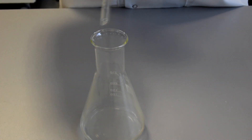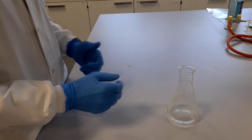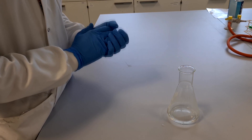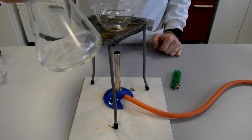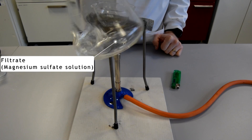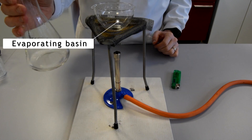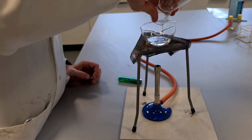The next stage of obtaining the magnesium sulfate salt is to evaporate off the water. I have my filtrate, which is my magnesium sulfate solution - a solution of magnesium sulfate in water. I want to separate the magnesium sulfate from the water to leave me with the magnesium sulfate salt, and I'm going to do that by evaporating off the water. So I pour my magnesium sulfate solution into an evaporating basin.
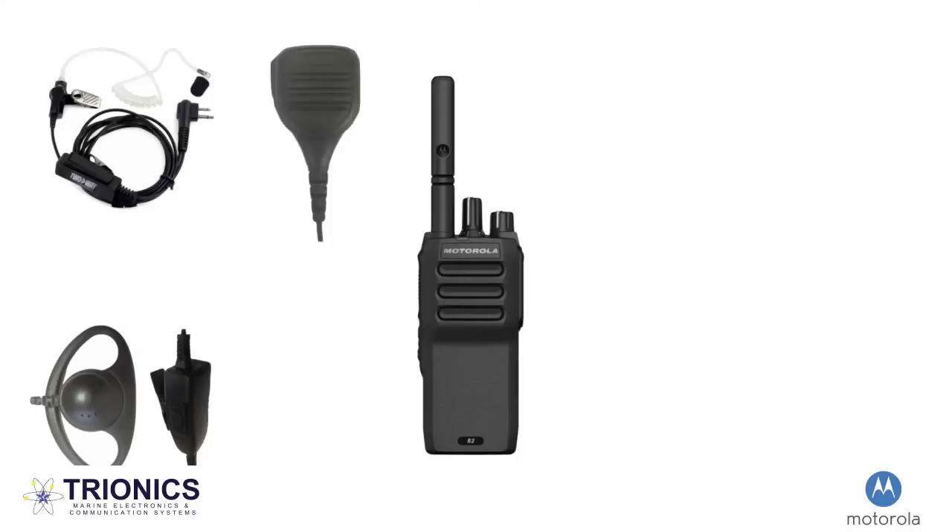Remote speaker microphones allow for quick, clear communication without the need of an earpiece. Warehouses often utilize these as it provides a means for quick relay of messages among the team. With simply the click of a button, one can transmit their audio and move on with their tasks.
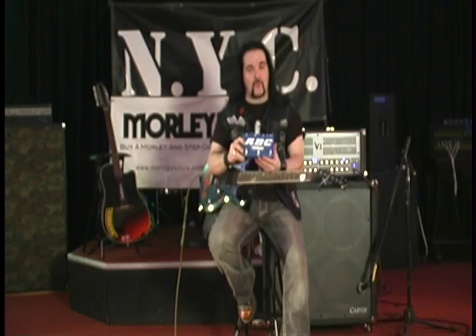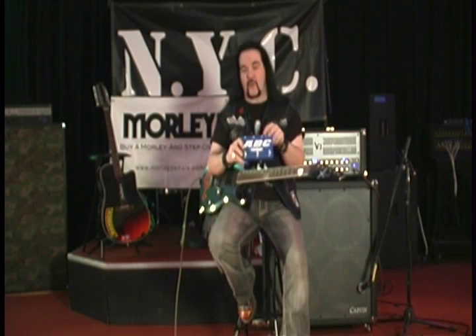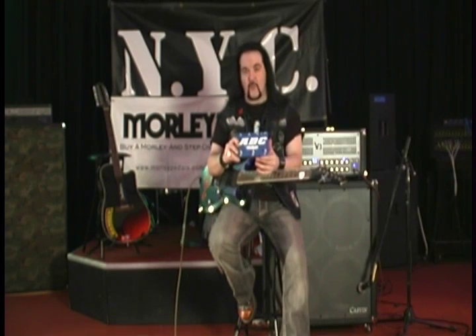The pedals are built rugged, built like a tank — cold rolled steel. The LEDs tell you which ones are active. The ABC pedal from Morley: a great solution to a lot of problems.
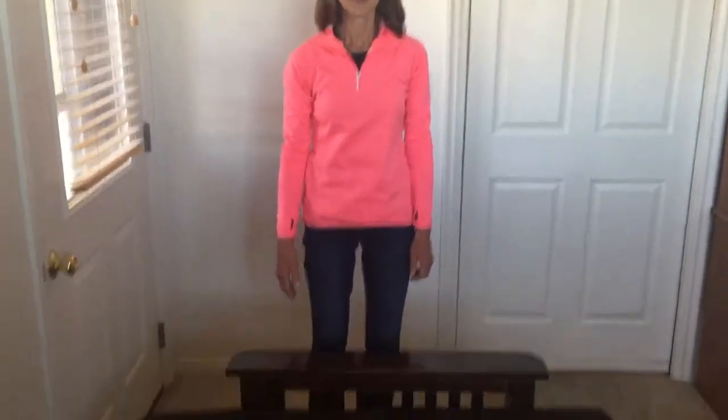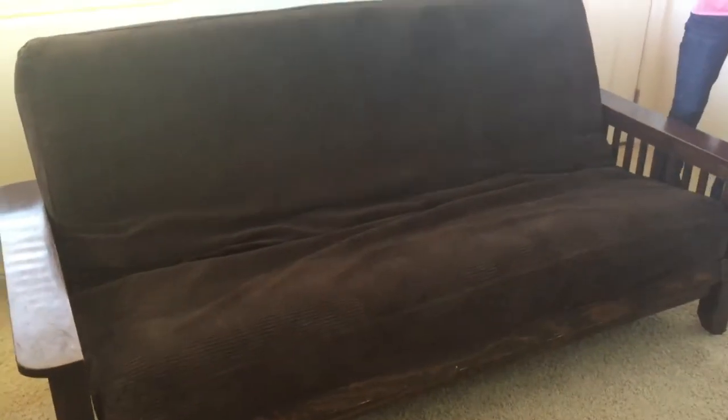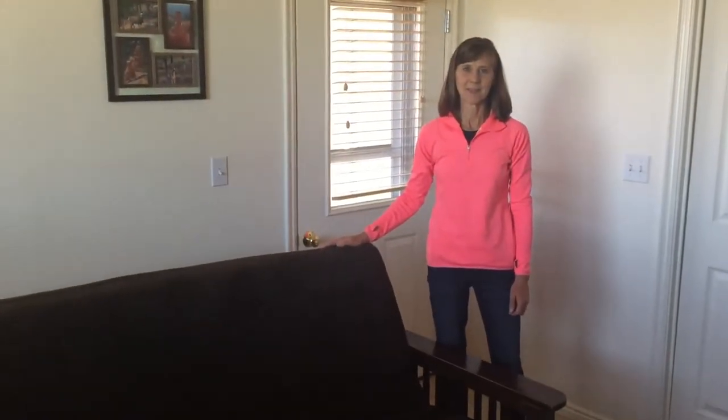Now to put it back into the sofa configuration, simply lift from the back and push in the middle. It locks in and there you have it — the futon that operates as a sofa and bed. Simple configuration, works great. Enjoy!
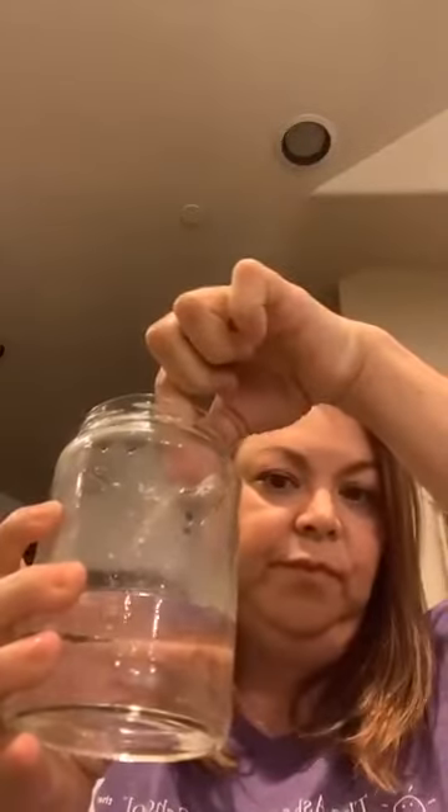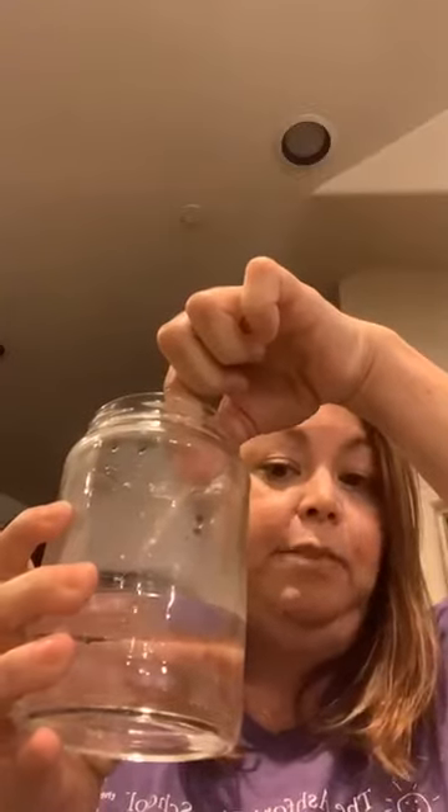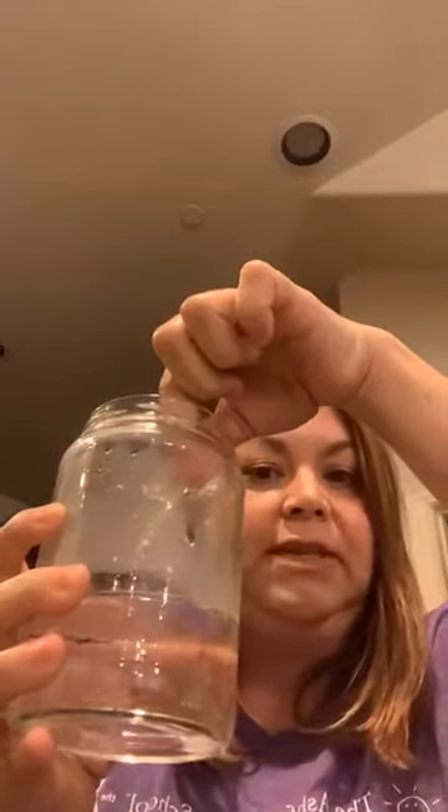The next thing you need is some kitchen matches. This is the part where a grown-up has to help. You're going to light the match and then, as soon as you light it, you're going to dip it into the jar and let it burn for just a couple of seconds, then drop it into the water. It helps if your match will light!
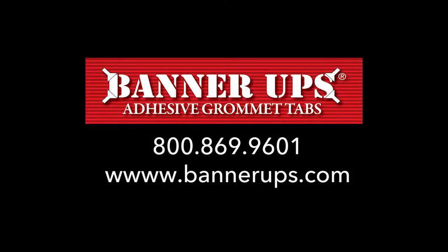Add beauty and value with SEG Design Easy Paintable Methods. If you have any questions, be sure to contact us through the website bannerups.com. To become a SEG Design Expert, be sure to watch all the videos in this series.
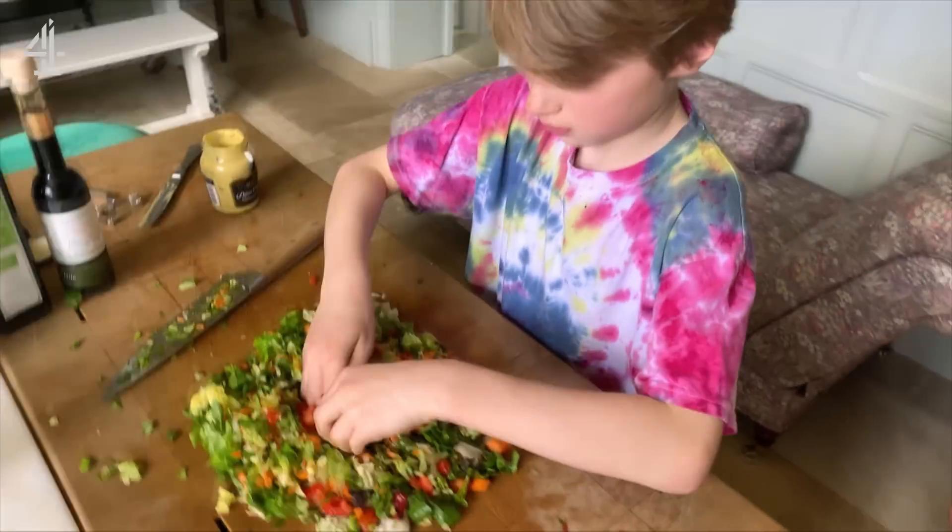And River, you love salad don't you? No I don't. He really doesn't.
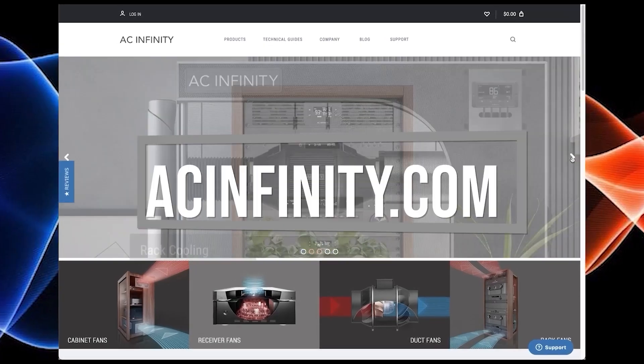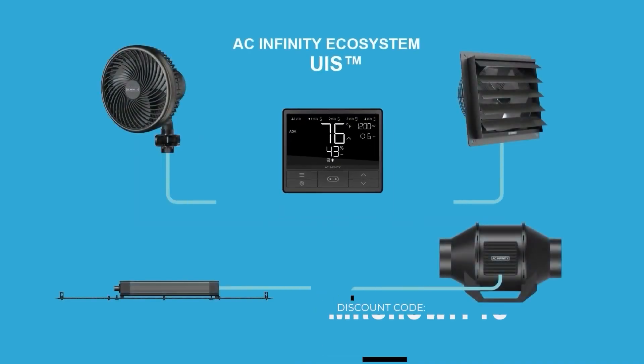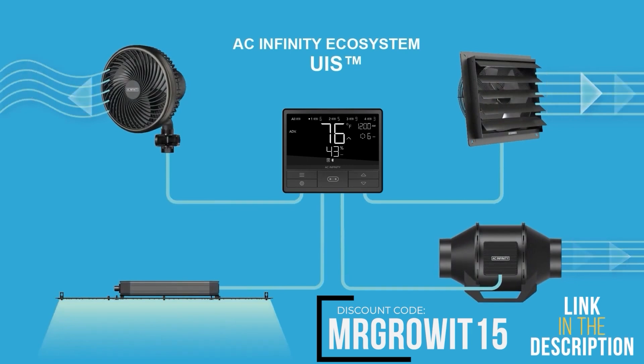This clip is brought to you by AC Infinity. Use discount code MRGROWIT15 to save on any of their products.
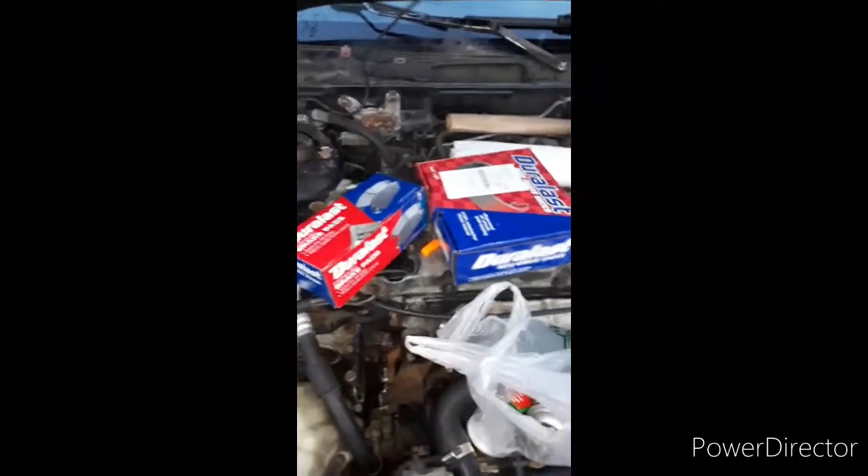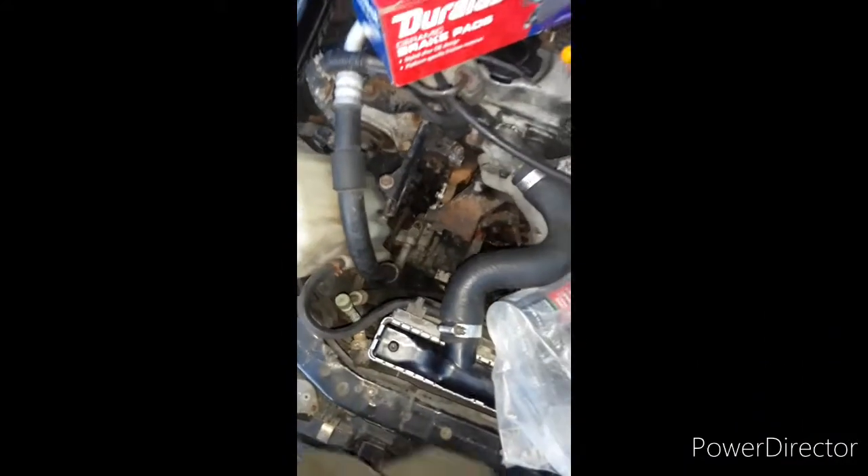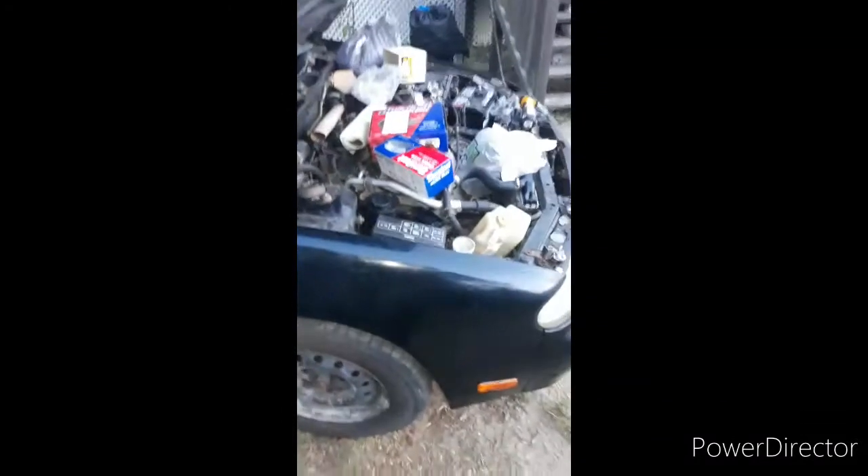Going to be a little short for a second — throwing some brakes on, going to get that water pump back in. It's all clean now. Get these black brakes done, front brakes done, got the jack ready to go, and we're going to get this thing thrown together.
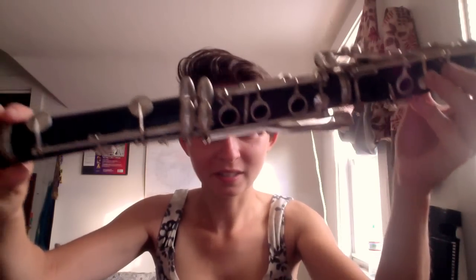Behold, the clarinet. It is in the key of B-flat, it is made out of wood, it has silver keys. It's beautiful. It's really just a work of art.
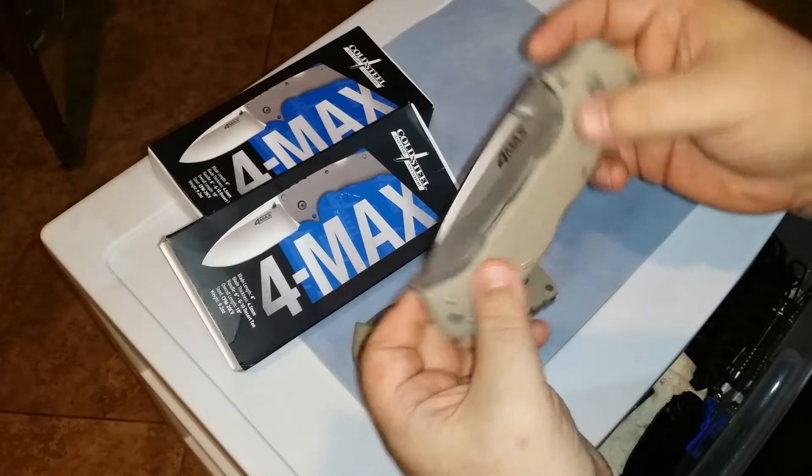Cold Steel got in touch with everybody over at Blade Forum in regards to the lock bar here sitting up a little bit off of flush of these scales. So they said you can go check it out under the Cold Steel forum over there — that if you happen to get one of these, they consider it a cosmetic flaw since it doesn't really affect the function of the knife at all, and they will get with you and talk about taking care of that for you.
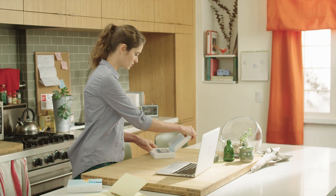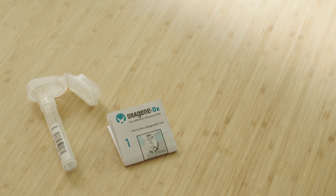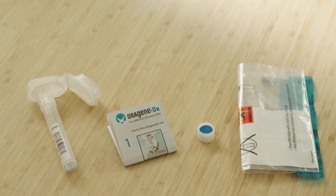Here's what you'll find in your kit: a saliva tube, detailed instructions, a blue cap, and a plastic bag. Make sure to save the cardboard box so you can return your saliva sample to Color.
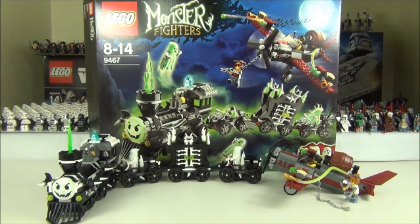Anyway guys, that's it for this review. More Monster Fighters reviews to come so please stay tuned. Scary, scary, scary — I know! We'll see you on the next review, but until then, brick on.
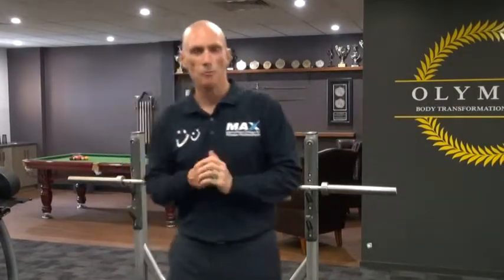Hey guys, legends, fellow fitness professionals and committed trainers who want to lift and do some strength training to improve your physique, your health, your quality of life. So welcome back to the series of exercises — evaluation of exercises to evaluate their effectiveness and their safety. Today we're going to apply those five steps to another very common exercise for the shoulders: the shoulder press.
# # #
WORK TO BE COMPLETED >>
Reproduce each entry word for word and cut the images.

ANSWER SPACE >>
The next stage of obtaining the magnesium sulfate salt is to evaporate off the water. I have my filtrate, which is my magnesium sulfate solution - a solution of magnesium sulfate in water. I want to separate the magnesium sulfate from the water to leave me with the magnesium sulfate salt, and I'm going to do that by evaporating off the water. So I pour my magnesium sulfate solution into an evaporating basin.
Remote speaker microphones allow for quick, clear communication without the need of an earpiece. Warehouses often utilize these as it provides a means for quick relay of messages among the team. With simply the click of a button, one can transmit their audio and move on with their tasks.
The pedals are built rugged, built like a tank — cold rolled steel. The LEDs tell you which ones are active. The ABC pedal from Morley: a great solution to a lot of problems.
Now to put it back into the sofa configuration, simply lift from the back and push in the middle. It locks in and there you have it — the futon that operates as a sofa and bed. Simple configuration, works great. Enjoy!
The next thing you need is some kitchen matches. This is the part where a grown-up has to help. You're going to light the match and then, as soon as you light it, you're going to dip it into the jar and let it burn for just a couple of seconds, then drop it into the water. It helps if your match will light!
Add beauty and value with SEG Design Easy Paintable Methods. If you have any questions, be sure to contact us through the website bannerups.com. To become a SEG Design Expert, be sure to watch all the videos in this series.
And River, you love salad don't you? No I don't. He really doesn't.
This clip is brought to you by AC Infinity. Use discount code MRGROWIT15 to save on any of their products.
Going to be a little short for a second — throwing some brakes on, going to get that water pump back in. It's all clean now. Get these black brakes done, front brakes done, got the jack ready to go, and we're going to get this thing thrown together.
Behold, the clarinet. It is in the key of B-flat, it is made out of wood, it has silver keys. It's beautiful. It's really just a work of art.
Cold Steel got in touch with everybody over at Blade Forum in regards to the lock bar here sitting up a little bit off of flush of these scales. So they said you can go check it out under the Cold Steel forum over there — that if you happen to get one of these, they consider it a cosmetic flaw since it doesn't really affect the function of the knife at all, and they will get with you and talk about taking care of that for you.
Here's what you'll find in your kit: a saliva tube, detailed instructions, a blue cap, and a plastic bag. Make sure to save the cardboard box so you can return your saliva sample to Color.
Anyway guys, that's it for this review. More Monster Fighters reviews to come so please stay tuned. Scary, scary, scary — I know! We'll see you on the next review, but until then, brick on.
Hey guys, legends, fellow fitness professionals and committed trainers who want to lift and do some strength training to improve your physique, your health, your quality of life. So welcome back to the series of exercises — evaluation of exercises to evaluate their effectiveness and their safety. Today we're going to apply those five steps to another very common exercise for the shoulders: the shoulder press.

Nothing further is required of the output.